In the text above we have identified two distinguished institutional practices towards the material collected; that of the library and that of the museum. Both practices are historically stable and contribute significantly to shaping the roles of the respective institutions. Digitization changes this to a certain degree. Perhaps this change is most tangible in libraries where the strategies for transmitting, organizing and displaying documents at times approach the more selective practice of museums. However, when libraries digitize their material they show a differentiation in this practice, in particular in their role as cultural heritage institutions. Meeting the possibilities of digitization, libraries are starting to develop views on both developmental and organizational aspects of their collections which turn them into being much more critical and selective in choosing which documents to prioritize as specifically significant from a cultural heritage point of view, and how to exhibit them on the web. At the same time, traditional non-selective practices resurface in the ambition to digitize ‘everything’ in the collections, treating each document in the same way — as has been the aim of bibliographic description for centuries. The differentiation is an important aspect of a distinction between critical digitization and mass digitization.

Mass Digitization and Critical Digitization

We will in this part of the paper make a distinction between mass digitization and critical digitization and see to what extent each of them is instrumental to the library’s institutional roles and goals.[5] In doing this, we will consider the ideological dimension of digitization and the rationales for digitization particularly within national libraries. We argue for considering digitization both as a document representation practice (i.e., as a bibliographical knowledge organization activity producing document surrogates and similes) and as a mediating documentation practice (of collections as well as institutional identities) that goes beyond the mere technologies of digitization.

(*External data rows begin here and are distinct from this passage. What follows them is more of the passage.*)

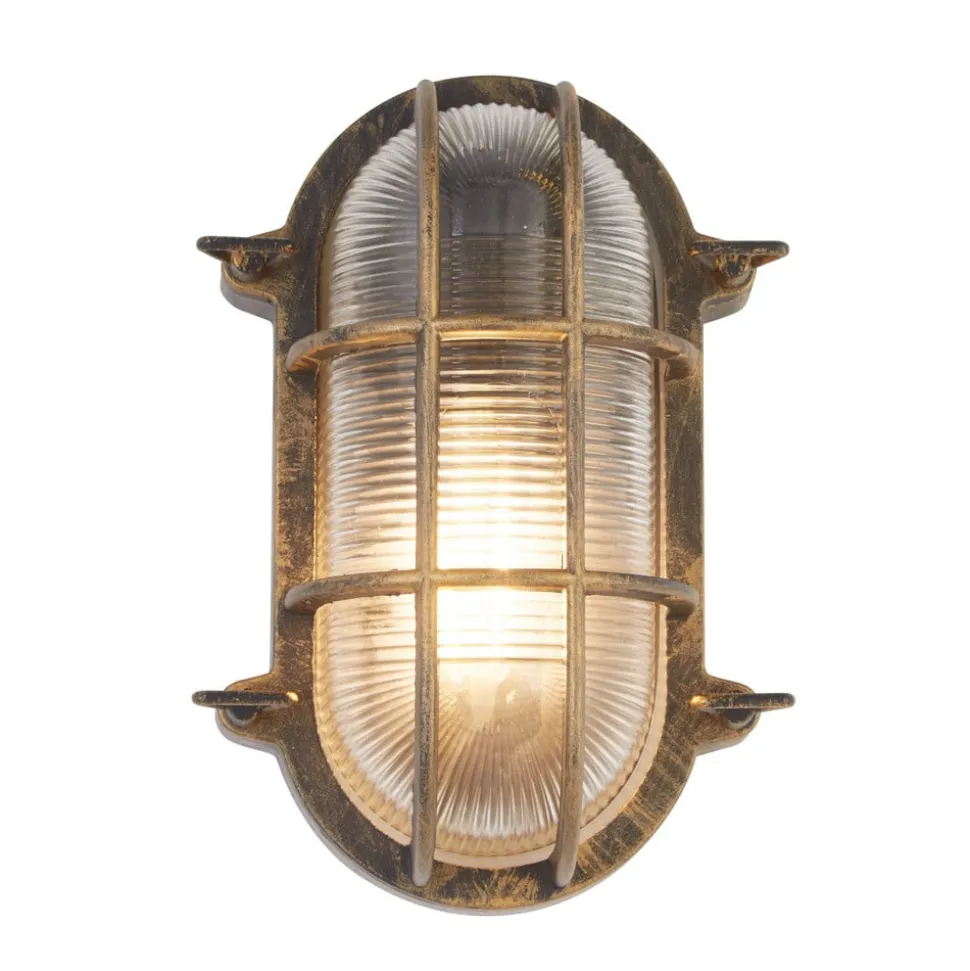 Skotlampe Porto oval, sort-guld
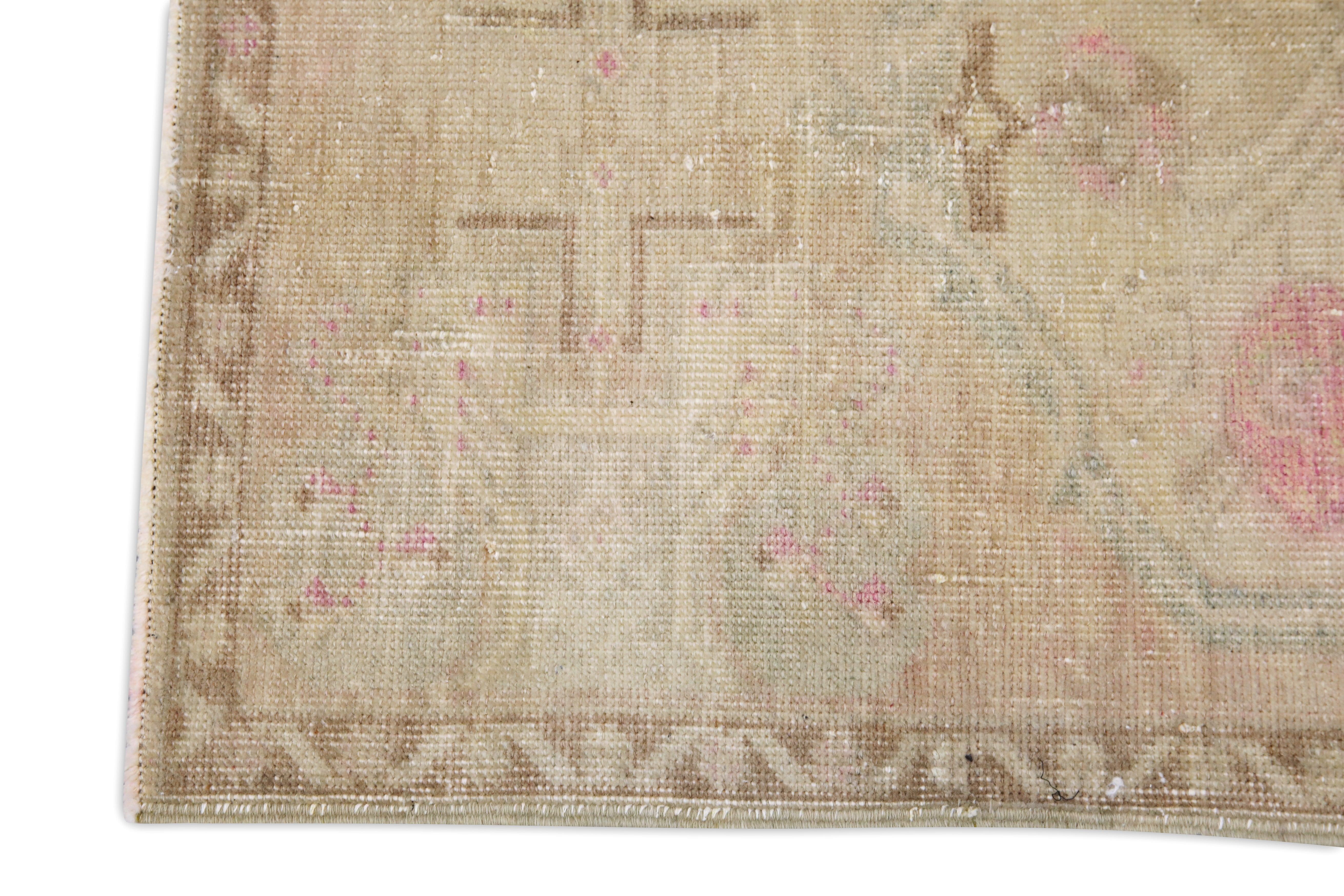 Turc Mini tapis turc vintage noué à la main 1'11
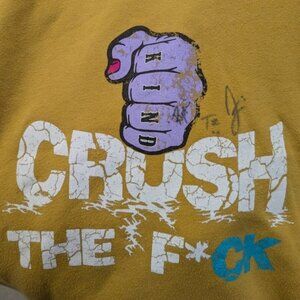 signed KIND CRUSH THE F***K Chaos & Kindness Yellow Hoodie M Recycled Percussion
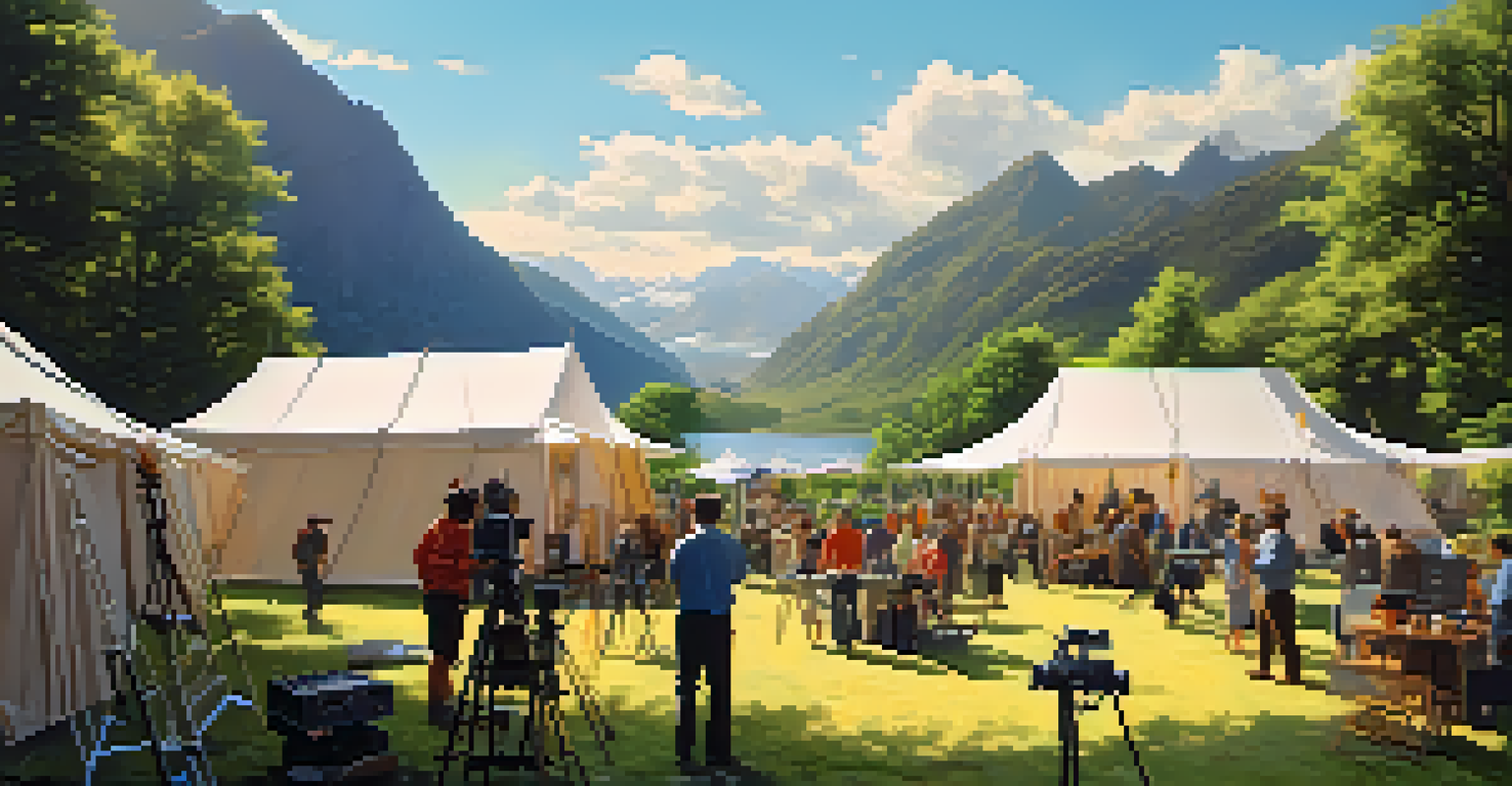 A film set in a beautiful outdoor location with crew members preparing equipment under a clear sky.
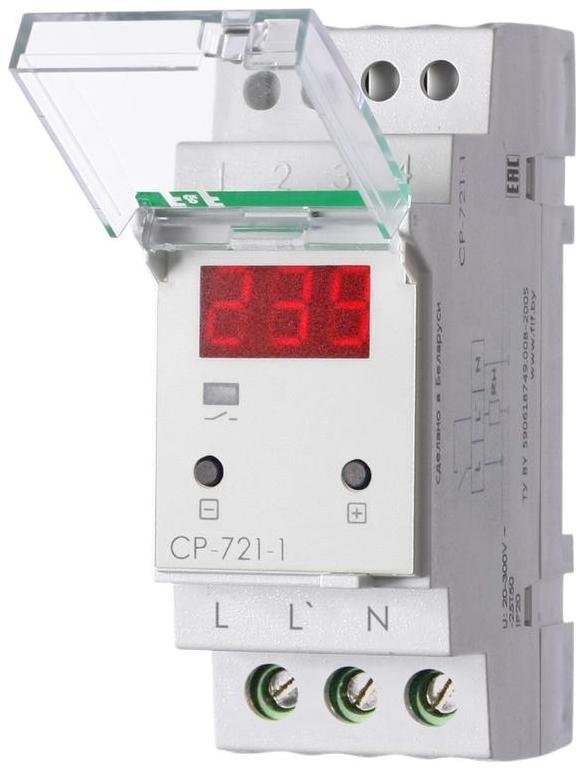 Евроавтоматика F&F EA04.009.013 Реле напряжения CP-721-1 (CP-721-63A) (однофазное; цифровая индикация; напряжение питания 50-450В контакт 1NO 63А встроен. таймер регистрация аварий в памяти индикация текущего напряж.) (аналог УЗМ) F&F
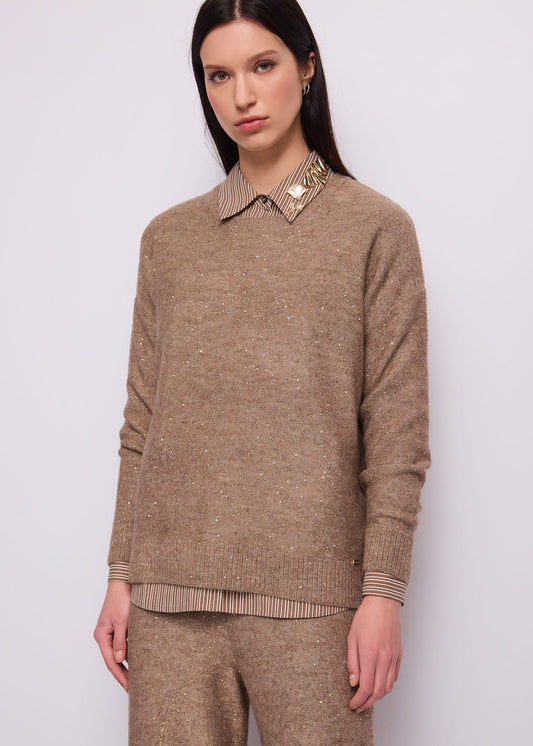 Maglia girocollo da donna in filato elasticizzato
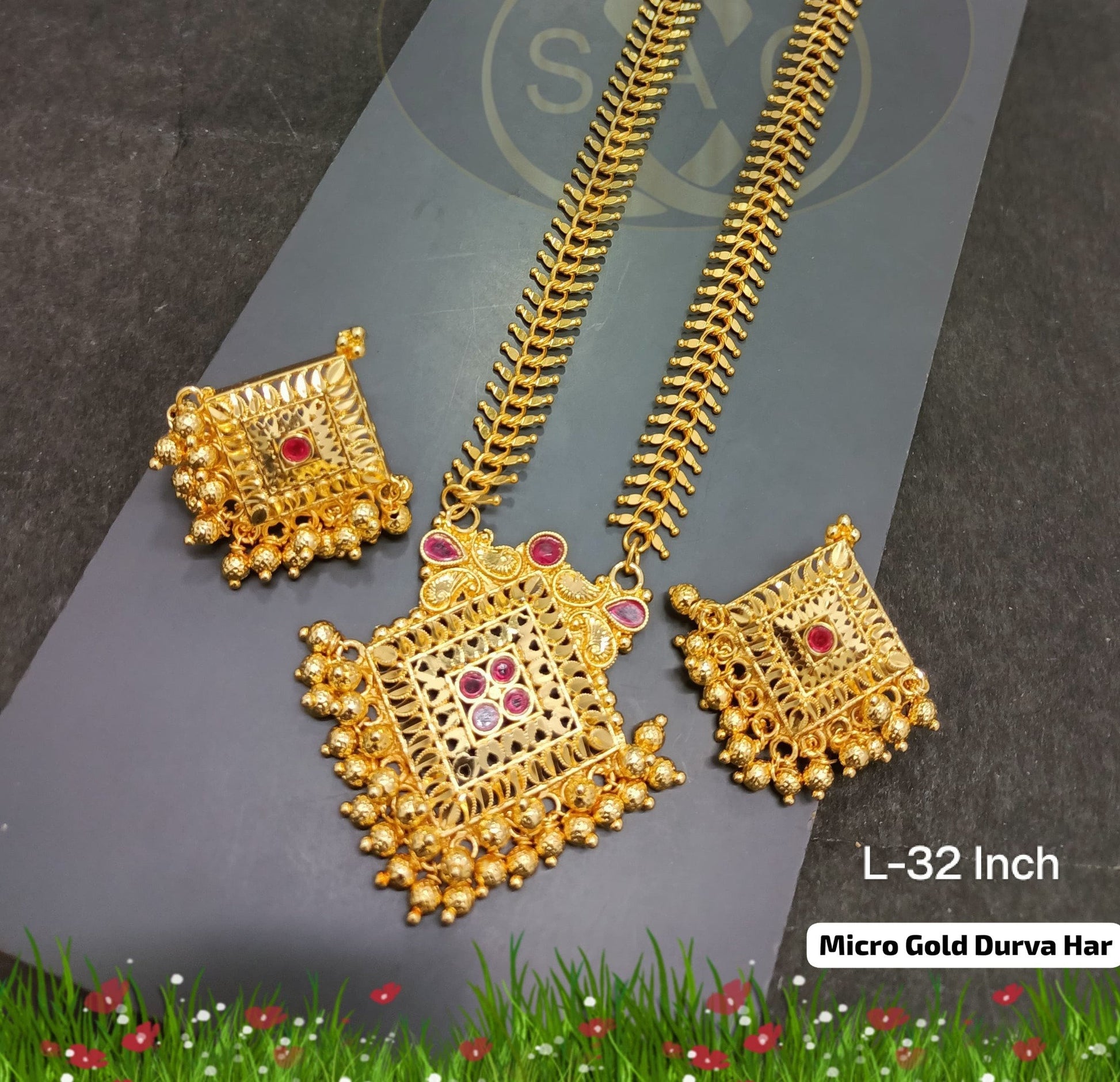 Premium Quality Micro Gold Durva Har Set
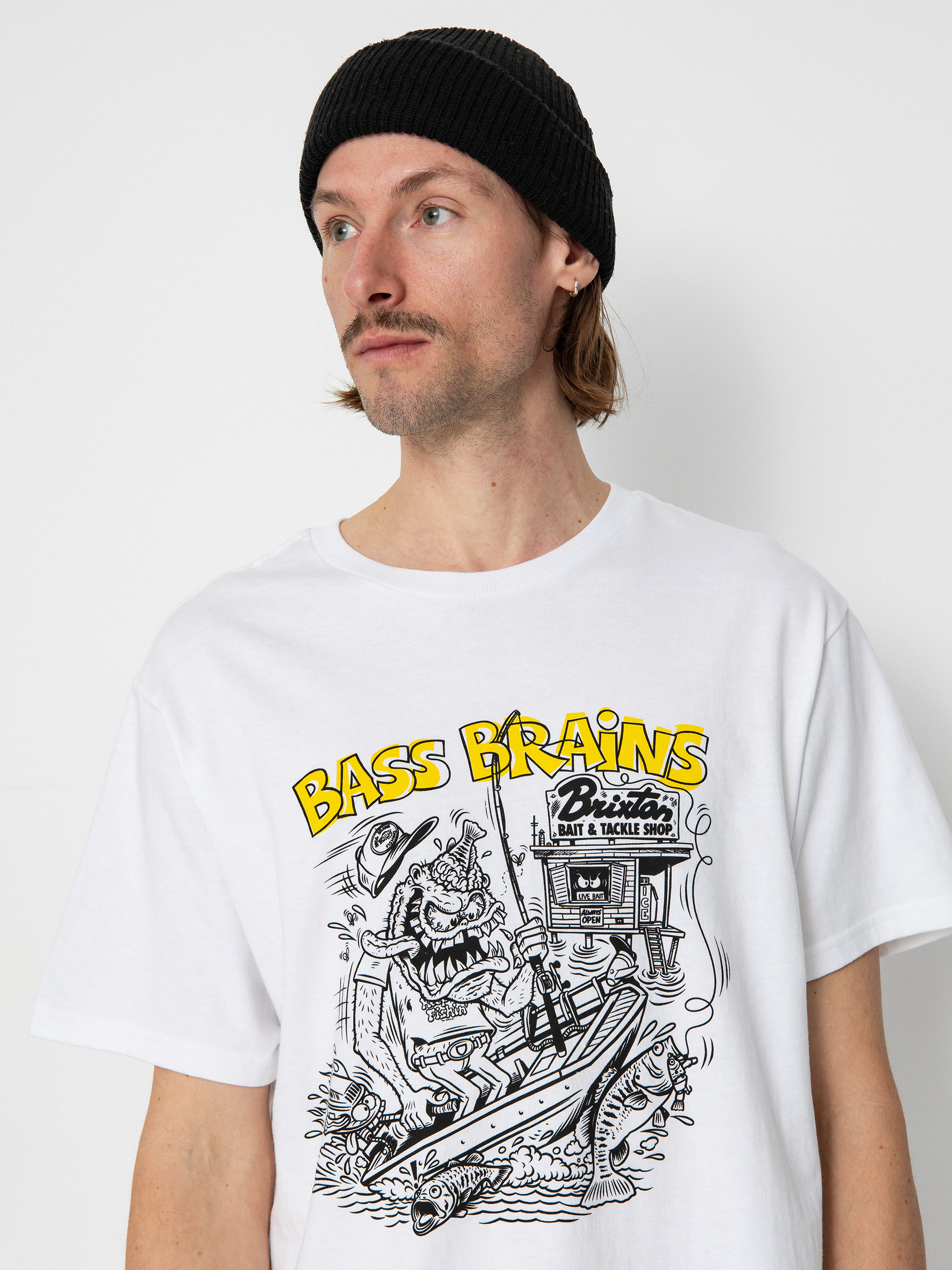 Tricou Brixton Bass Brains Monster Stt (white)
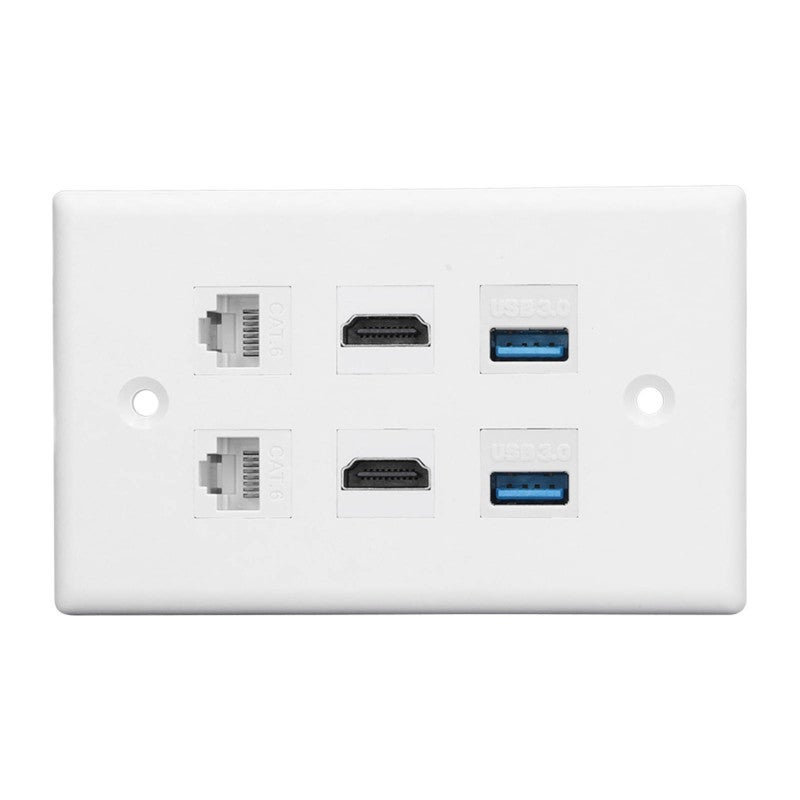 لوحة حائط بـ 6 منافذ: كابل إيثرنت Cat 6، واجهة وسائط متعددة عالية الوضوح، USB - عدد 2 واجهة وسائط متعددة عالية الوضوح، عدد 2 منفذ Cat 6، عدد 2 منفذ USB 3.0، لوحة حائط إيثرنت لأجهزة التلفاز عالية الوضوح المنزلية - Image 1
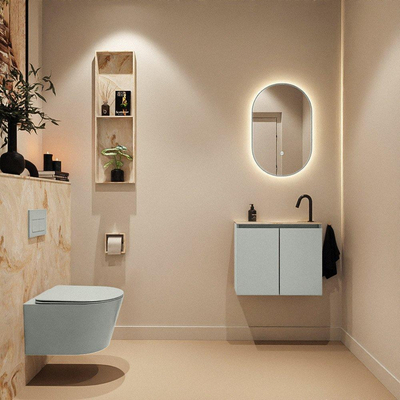 MONDIAZ TURE-DLUX meuble de toilettes 60cm Greey. EDEN lavabo Frappe position droite. Avec 1 trou de robinet.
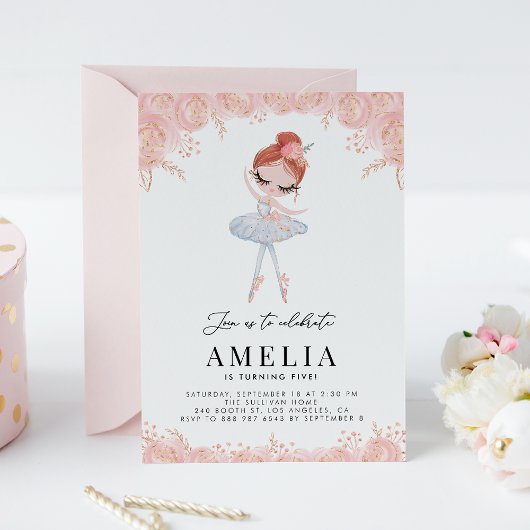 Invitation Ballerina à tête rouge en robe blanche Fleur Anniv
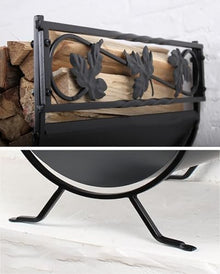DJVHSRI Firewood Rack Metal Curved Log Holder with Legs, Heavy Duty Outdoor & Indoor Fireplace Wood Storage Stand,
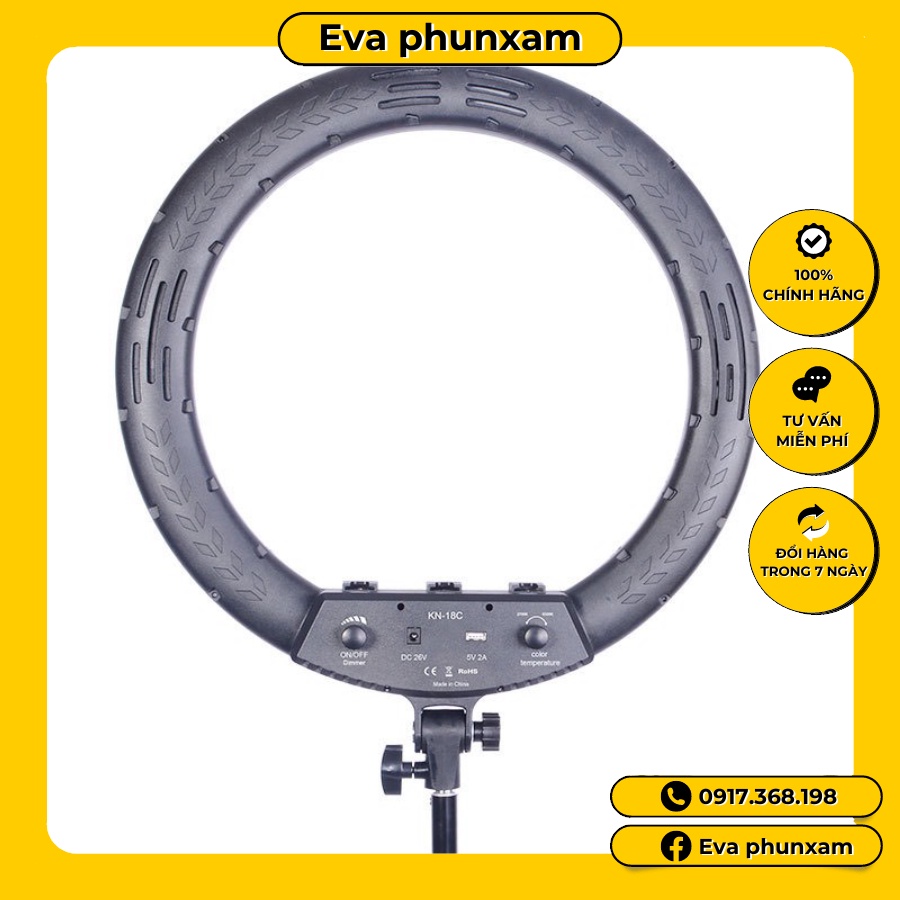 Đèn Led Livestream 45CM HQ18 chính hãng công suất lớn - Đèn Livestream hỗ trợ chụp ảnh quay clip kèm chân thép 2 mét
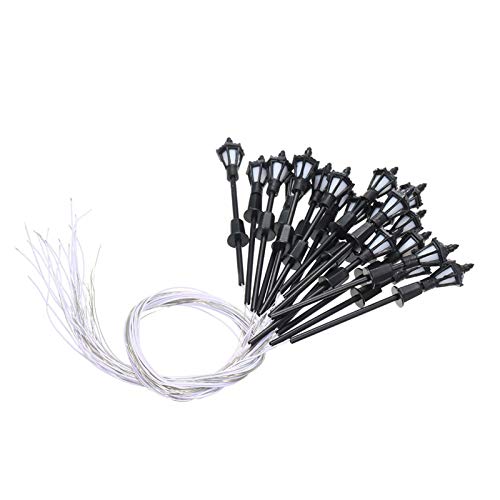 20 stücke Warmweiß Modell Straßenbeleuchtung Layout Laternenpfahlbahn Zug Garten Spielplatz Landschaft Led Lampe Beleuchtung 1: 150 Skala 65mm Cover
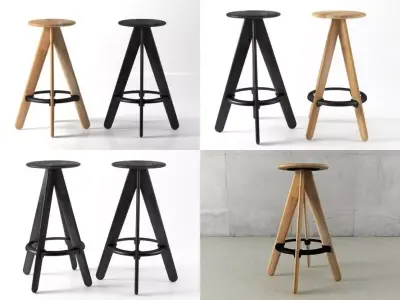 Slab Barstool 3D model
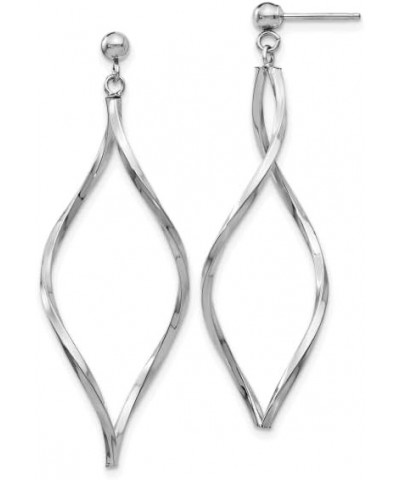 14K White Gold Twisted Post Drop Dangle Earrings 10K White Gold - 40mm - 1.57 inch $76.71 Earrings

The current trend within national libraries and large research libraries is, no doubt, mass digitization, where huge amounts of documents are digitized by automated means during a relatively short period of time (Coyle, 2006). A much talked-of example is the Google Book Search (GBS) project. It operates on an industrial scale and with as many digitization chain links as possible fully automated. Mass digitization systematically digitizes whole collections with no particular means of discrimination — the idea is to digitize ‘everything’ within the collection. The process by necessity has to avoid manual and labour-intensive work and leaves out intellectual, interpretative and qualitative aspects such as expert commentaries, context descriptions and analyses, descriptive text encoding, or manual proof reading. It cannot afford to produce new metadata and other bibliographic information about the source document. Digitization is flattened out into a linear streamlined affair. Mass digitization gains momentum and value in scale, not in depth. And, as has been pointed out by Deegan & Sutherland, projects such as GBS combine on the one hand commercial agents who are strong in financial resources but in need of content, with, on the other hand, public libraries who are reversely strong in content but in need of financial resources (Deegan and Sutherland, 2009). A marriage made in heaven, it would seem. The result is a gigantic, growing bank of digital texts that can be used as a localizing tool, be free-text searched, and — perhaps more importantly — form the technical base for many kinds of future enhancement using, e.g., data mining or software development. This is an important feature of mass digitization efforts such as GBS: they pour the digitized documents into large silos, pile them up on a flat scale, and treat them as equal items in a large database. GBS is not being modelled on the hierarchical library but on the heterarchical index of the web. This also has a modularizing effect: the items in GBS are discrete and de-contextualized, because the digitizing process has stripped away much of the bibliographical and contextual information about the objects and also because GBS aims for items to be able to be shuffled around, used and re-used in new contexts.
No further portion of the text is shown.